I was intrigued by this film as an avid fan of RWBY and occasional watcher of superhero series like DC Super Hero Girls, Young Justice, She-Ra and the Princesses of Power, Stretch Armstrong and the Flex Fighters, Moon Girl and Devil Dinosaur, Birdgirl, Harley Quinn, Hamster & Gretel, Gotham Girls, Masters of the Universe: Revelation, and She-Ra: Princess of Power. My interest in the classic superheroish magical girl anime Sailor Moon and the superheroish action series such as Sym-Bionic Titan, My Life as a Teenage Robot, and OK K.O.! Let’s Be Heroes, further made me want to watch this film. My excitement remained even after learning that the film takes place in the first half of RWBY‘s Volume 7.

There are differences from RWBY. For instance, Justice League x RWBY: Super Heroes and Huntsmen, Part 1, Ruby, Weiss, Blake, and Yang wear the outfits they donned in Vale, while Weiss can master her summoning of Glyphs, Nora wears the same outfit she wore in Beacon Academy, and the CCT tower at Beacon isn’t destroyed, but is active. This is all because this film takes place in an alternate universe of sorts. That makes sense as it is a crossover film which has the same voice actors as the original RWBY series. One difference is Tiana Camacho, who voices Glynda in the RWBY original anime spinoff, RWBY: Ice Queendom.

It was nice to see Ruby, Weiss, Blake, Yang, Juane Arc, Pyrrha Nikos, and Lie Ren, the latter three part of team JNR, interacting with members of the Justice League such as Superman, Batman, Wonder Woman/Diana, Green Lantern/Jessica, Vixen, Cyborg, and The Flash. In the RWBY show proper Ozpin has been reincarnated as Oscar, other characters have either died, like Jacques Schnee (presumably in Volume 8), or haven’t appeared in the show recently, like Glynda or Kali Belladonna. They return in this film.

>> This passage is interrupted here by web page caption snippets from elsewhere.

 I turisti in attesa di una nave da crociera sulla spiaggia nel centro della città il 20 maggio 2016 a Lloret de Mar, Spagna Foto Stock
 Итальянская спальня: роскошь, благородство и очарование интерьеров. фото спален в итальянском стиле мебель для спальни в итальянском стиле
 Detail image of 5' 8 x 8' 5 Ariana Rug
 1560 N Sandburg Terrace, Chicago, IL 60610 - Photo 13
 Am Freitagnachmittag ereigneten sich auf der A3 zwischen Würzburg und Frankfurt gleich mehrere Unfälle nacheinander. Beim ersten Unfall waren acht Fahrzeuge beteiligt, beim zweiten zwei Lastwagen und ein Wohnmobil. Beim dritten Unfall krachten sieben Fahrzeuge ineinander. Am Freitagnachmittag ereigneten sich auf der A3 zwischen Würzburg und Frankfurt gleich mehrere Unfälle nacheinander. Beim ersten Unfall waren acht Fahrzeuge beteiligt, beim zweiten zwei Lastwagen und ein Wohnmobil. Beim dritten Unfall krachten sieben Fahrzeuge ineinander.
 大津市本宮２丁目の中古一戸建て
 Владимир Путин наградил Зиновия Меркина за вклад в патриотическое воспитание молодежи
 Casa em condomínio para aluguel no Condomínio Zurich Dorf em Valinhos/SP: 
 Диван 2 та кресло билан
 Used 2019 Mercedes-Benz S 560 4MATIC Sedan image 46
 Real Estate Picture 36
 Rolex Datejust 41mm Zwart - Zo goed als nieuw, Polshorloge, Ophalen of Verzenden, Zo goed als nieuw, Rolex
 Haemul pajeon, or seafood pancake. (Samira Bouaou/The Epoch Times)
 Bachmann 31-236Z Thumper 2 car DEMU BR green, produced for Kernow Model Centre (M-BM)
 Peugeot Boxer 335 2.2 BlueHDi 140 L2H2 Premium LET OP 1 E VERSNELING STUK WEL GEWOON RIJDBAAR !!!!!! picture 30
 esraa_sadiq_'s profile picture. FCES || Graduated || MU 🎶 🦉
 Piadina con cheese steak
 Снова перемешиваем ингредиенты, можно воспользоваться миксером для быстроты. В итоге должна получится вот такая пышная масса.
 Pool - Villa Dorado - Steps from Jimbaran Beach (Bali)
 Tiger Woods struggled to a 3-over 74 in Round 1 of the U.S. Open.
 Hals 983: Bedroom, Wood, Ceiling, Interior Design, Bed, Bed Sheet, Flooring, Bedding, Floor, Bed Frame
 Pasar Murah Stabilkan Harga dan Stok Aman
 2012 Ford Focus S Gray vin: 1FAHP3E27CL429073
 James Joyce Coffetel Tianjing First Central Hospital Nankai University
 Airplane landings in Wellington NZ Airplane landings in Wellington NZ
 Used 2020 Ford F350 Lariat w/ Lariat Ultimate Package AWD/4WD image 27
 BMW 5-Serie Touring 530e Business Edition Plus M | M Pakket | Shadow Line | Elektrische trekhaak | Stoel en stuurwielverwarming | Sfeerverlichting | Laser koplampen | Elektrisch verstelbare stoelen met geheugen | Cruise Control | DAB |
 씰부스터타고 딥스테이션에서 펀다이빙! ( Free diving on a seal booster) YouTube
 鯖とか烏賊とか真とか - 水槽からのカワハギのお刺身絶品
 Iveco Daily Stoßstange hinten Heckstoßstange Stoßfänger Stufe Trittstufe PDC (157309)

Two other characters also appear: Adam Taurus and Sienna Khan. Adam Taurus was Blake’s abusive boyfriend. Sienna Khan was killed by Adam to take control of the White Fang, a peaceful organization originally aimed at improving conditions for the Faunus, a group of people with animal traits. Taurus aimed to change the latter organization into a violent terrorist organization which would overthrow human society and replace it with a Faunus-led one. In Justice League x RWBY: Super Heroes and Huntsmen, Part 1, the latter two characters are only shown in a flashback when Blake remembers back to what actually happened during the series.

Apart from the voice actors for the RWBY characters, like Arryn Zech, Blake Dunkelman, Lindsay Jones, Kara Eberle, Miles Luna, Samantha Ireland, and Neath Oum, those who voice the members of the Justice League (Chandler Riggs, Nat Wolff, Natalie Alyn Lind, David Errigo Jr., Jeannie Tirado, Tru Valentino, and Ozioma Akagha) are just as talented. Riggs (who voices Superman) is known for his role as Carl Grimes in The Walking Dead. Wolff, the voice of Batman, has been recognized for his music, and roles in films like Paper Towns, The Fault in Our Stars, and Ashby. Lind, the voice of Wonder Woman in this film, is known for various television appearances including as Danielle Sullivan in Big Sky.

Errigo Jr., voice of The Flash, has previously done voice work in Ridley Jones, The Casagrandes, Milo Murphy’s Law, and Dota: Dragon’s Blood. Tirado, voicing Green Lantern, has lent her voice to characters in dubs of Fairy Tail Zero, KanColle: Kantai Collection, and Fire Emblem: Three Houses. Tru Valentino, who voices Cyborg, is known for his voice work in Madagascar: A Little WildKung Fu Panda: The Dragon Knight, and Spidey and His Amazing Friends.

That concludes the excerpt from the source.